The GF must be sampled at exact multiples of the sampling interval \Delta t, at times t_i = i \; \Delta t. The instant t = 0 corresponds to the time of the impulse-like source excitation.

How physical coordinates and component number (x_s, x_r, k) map into the low-level index j is specified in the meta information of the GF store. Different mappings are available to support different source-receiver geometries and to exploit problem symmetries.

Directory layout

The following table lists the entries of a GF store. Not all entries must be present.
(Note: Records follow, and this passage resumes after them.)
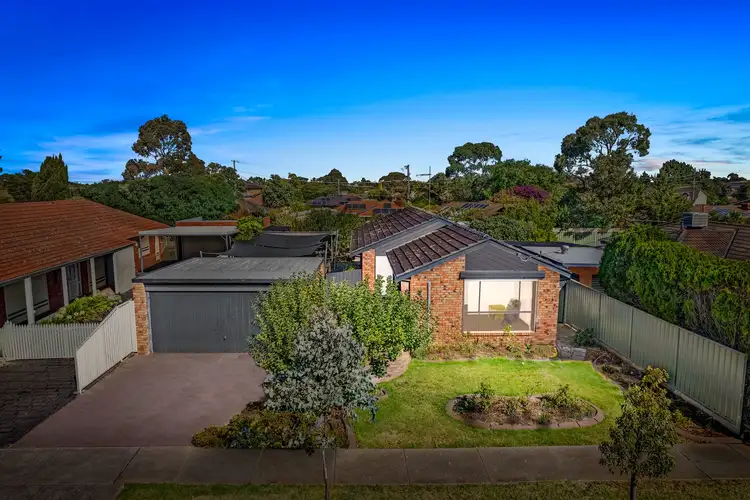 11 Lamb Grove, Hoppers Crossing VIC 3029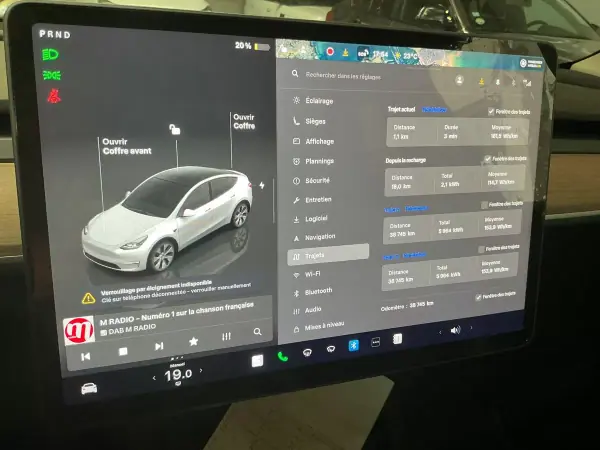 Tesla Model Y 2024 - 35900 EUR, 38745 km - AUTO.MOTO.pt - 38745km - foto 2 de 5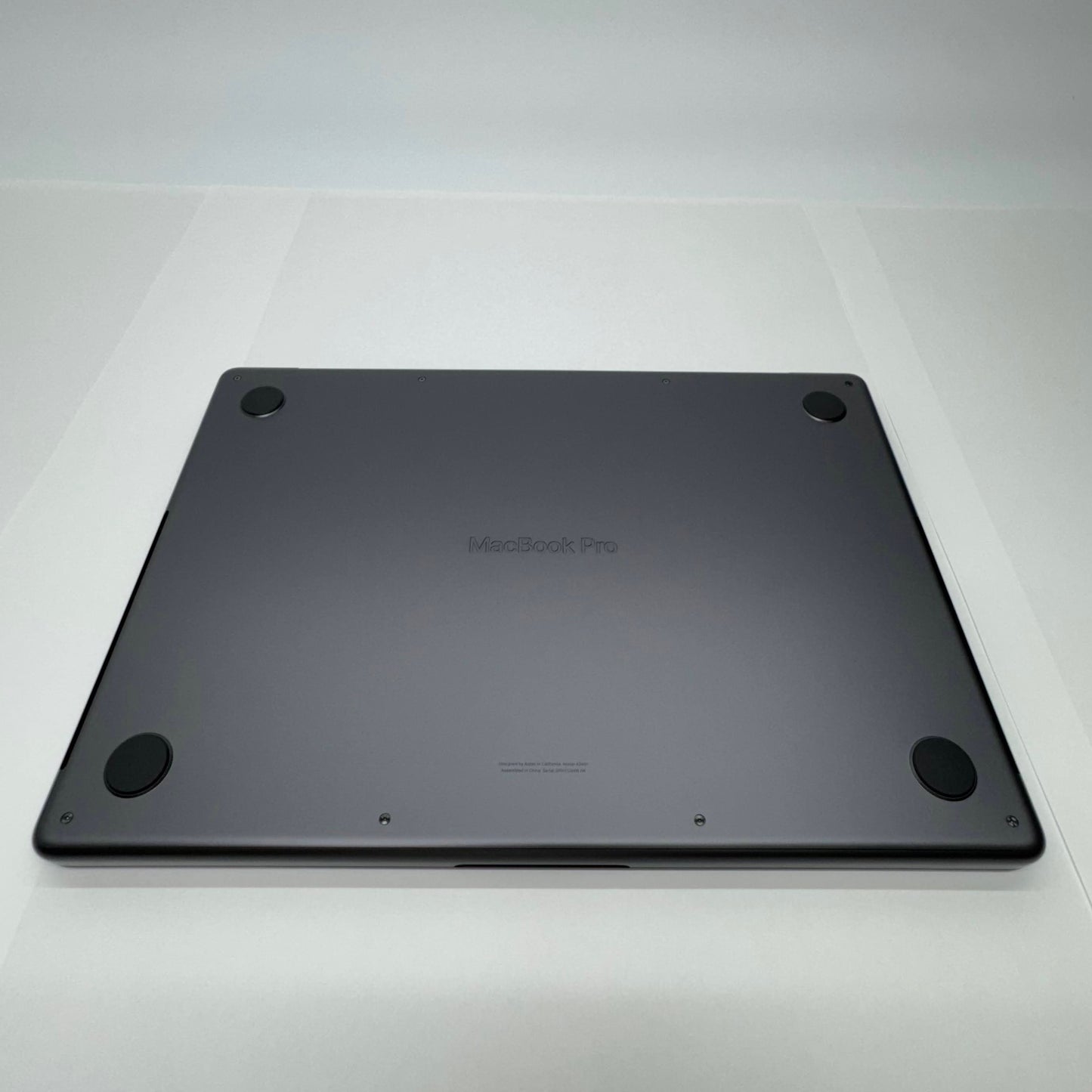 美品 MacBook Pro Liquid Retina XDR 14インチ (Late 2024) Apple M4 Pro 12コア/24GB/SSD 512GB スペースブラック MX2H3J/A バッテリー最大容量100%【C4467-80】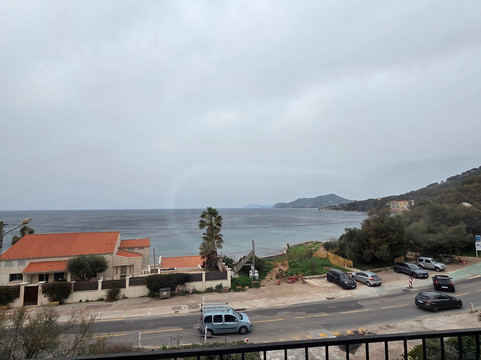 阿尔玛娜雷海滩酒店主图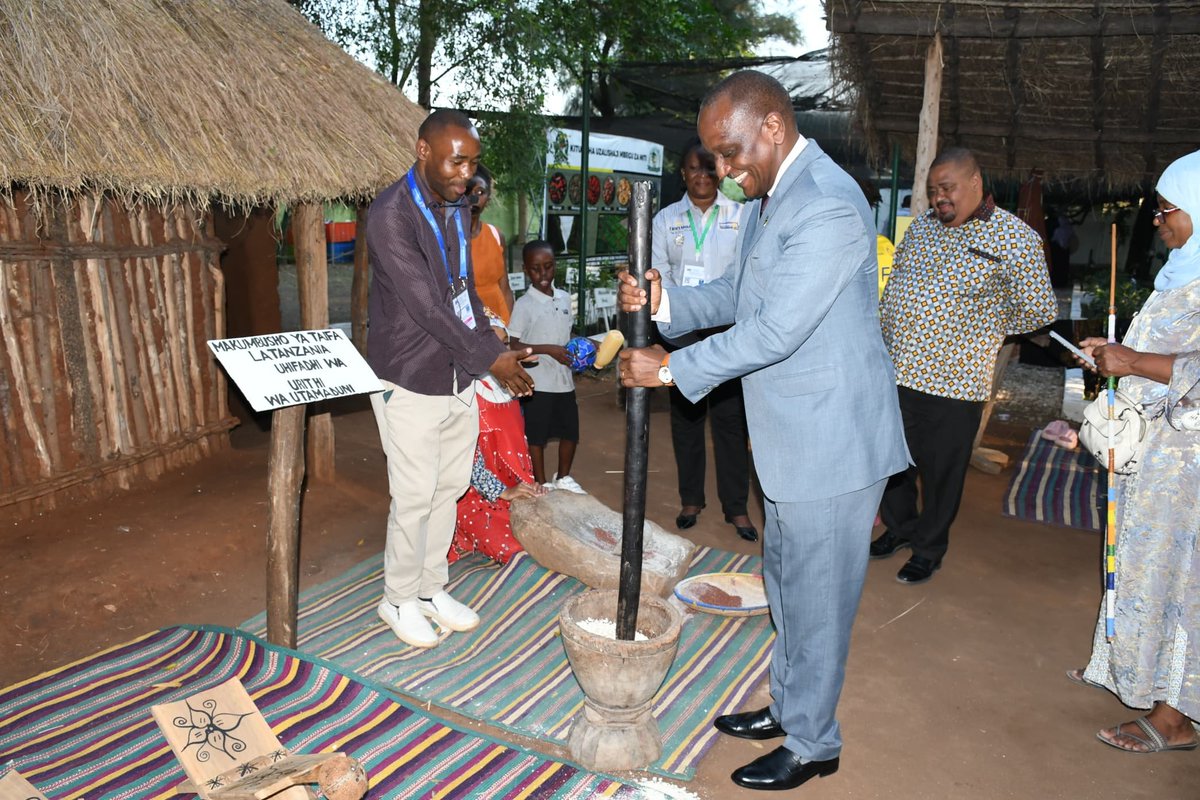 UbaloziMsumbiji's tweet photo. Mhe. Phaustine Kasike, Balozi wa Tanzania nchini Msumbiji atembelea mabanda mbalimbali katika Maonesho ya 48 ya Biashara ya Kimataifa ya Dar es Salaam (Sabasaba) yanayoendelea Jijini Dar es Salaam. https://t.co/CMmA1p7h0R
GF store directory contents
File name File type Description
config YAML file Store meta-information, extent and index mapping (The config file).
index binary file GF trace metadata (The index file).
traces binary file GF trace sample data (The traces file).
decimated sub-directory Directory with decimated variants of the store.
phases sub-directory Directory with travel-time interpolation tables.
extra sub-directory Directory with extra information. Used to to store backend-specific modelling input parameters.

The config file

The config file contains all meta information needed to correctly interpret the stored Green’s function. It may additionally contain information about the modelling code, the earth model used, author information, citations, etc. Its file format is the widely used YAML format, which provides a good compromise between machine and human readability. It contains a common set of entries available for all GF types plus extra entries for specific GF types.
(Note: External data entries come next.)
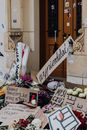 图像中，政治抗议的标志、鲜花和涂鸦出现在建筑物入口前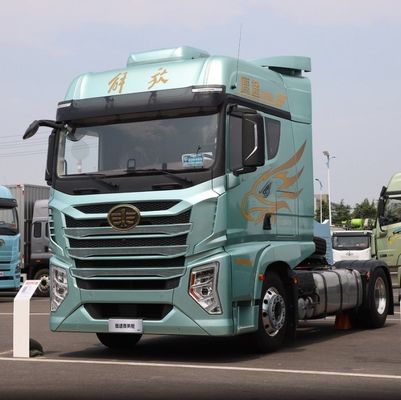 8800.000kg Poids brut 580 ch LNG FAW 6*4 et 4*2 Camion tracteur de capacité de charge 31-40 t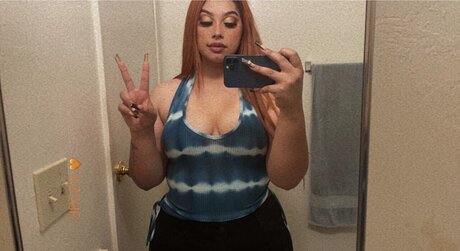 Yazzy modèle érotique image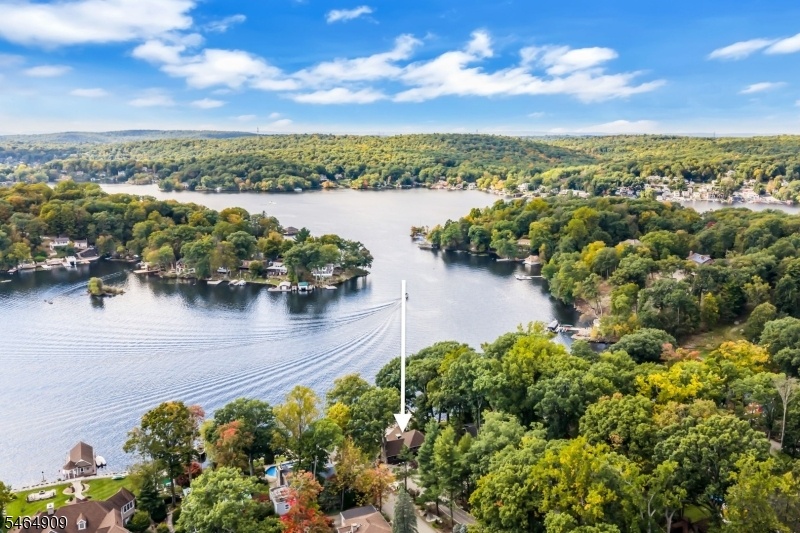 Aerial location main lake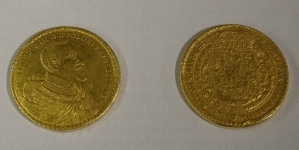 Złote okolicznościowe monety o nominale 100 dukatów króla Zygmunta III Wazy.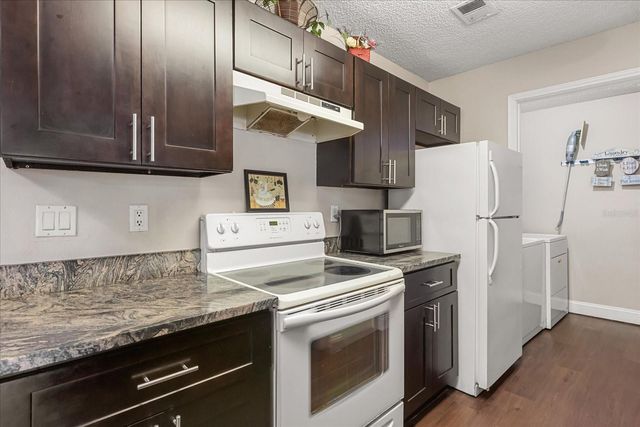 2501 GRASSY POINT DRIVE 103, Lake Mary, FL 32746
See the Pyrocko reference manual for lists of available entries:

Binary files

All numbers are encoded in little endian format. Real numbers are encoded as IEEE 754 32-bit or 64-bit floating-point values.

The index file

The index file of the GF store is composed of a 12-byte header and a sequence of 24-byte records, one record for each trace in the database. The following tables define there internal structure.
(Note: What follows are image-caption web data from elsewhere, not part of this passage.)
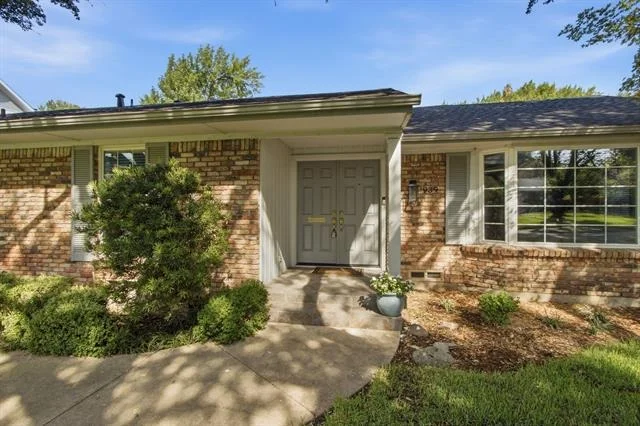 Photo of 939 Blue Lake Circle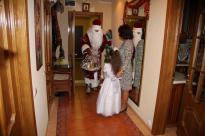 мама Ани впускает высокого гостя в дом. Так Анечка впервые в жизни увидела живого Деда Мороза - фото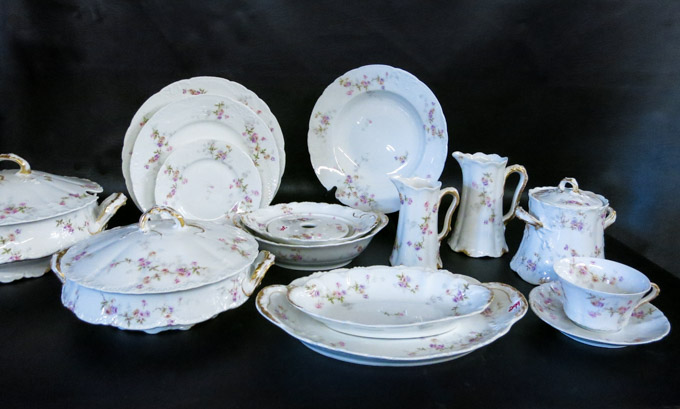 Appraisal: HAVILAND LIMOGES FINE CHINA SET sixty-five pieces comprised of dinner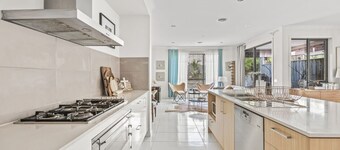 StayAU 4BR Designer Home in Knox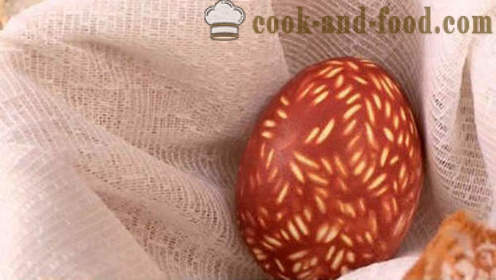 Påskägg färgade med lök skal - hur man målar ägg i lök skinn, enkla sätt att måla påsk.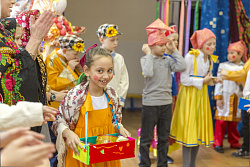 МАСЛЕНИЦА К НАМ ПРИШЛА... МАСЛЕНИЦА К НАМ ПРИШЛА...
Index file header (12 bytes)
nrecords 8-byte unsigned int Total number of records (traces) in the store N.
deltat 4-byte float Common sampling interval \Delta t of the GF traces.
Index file record (24 bytes)
data_offset 8-byte unsigned int Byte offset of first sample of the GF trace in the traces file. Special flag values are 0: trace is missing, 1: all samples in the trace are zero, 2: trace is short (one or two samples long).
itmin 4-byte signed int Temporal onset of the GF trace in number of samples i_{\textrm{min}}[j].
nsamples 4-byte unsigned int Number of samples in the GF trace: i_{\textrm{max}}[j] - i_{\textrm{min}}[j] + 1.
begin_value 4-byte float Value the GF trace’s first sample G[j, i_{\textrm{min}}[j]], typically zero. This value is used when the GF trace has to be extrapolated to times t < t_{i_{\textrm{min}}[j]}.
end_value 4-byte float Value the GF trace’s last sample G[j, i_{\textrm{max}}[j]], typically zero, or the static offset – This value is used when the GF trace has to be extrapolated to times t < t_{i_{\textrm{min}}[j]}.

The traces file

The traces file of the GF store is composed of 32 bytes of empty space at the beginning, followed by zero or more trace data allocations (GF trace sample arrays). Offset and length of each allocated trace are given in the index record. First and last value of the trace data must match their counterparts in the index record, begin_value and end_value. This redundancy can be used for integrity checks. No allocation is made for short traces, i.e. traces with 2 samples, representing step functions.

[1]Sebastian Heimann, Hannes Vasyura-Bathke, Henriette Sudhaus, Marius Paul Isken, Marius Kriegerowski, Andreas Steinberg, and Torsten Dahm. “A Python framework for efficient use of pre-computed Green’s functions in seismological and other physical forward and inverse source problems.” Solid Earth 10, no. 6 (2019): 1921-1921.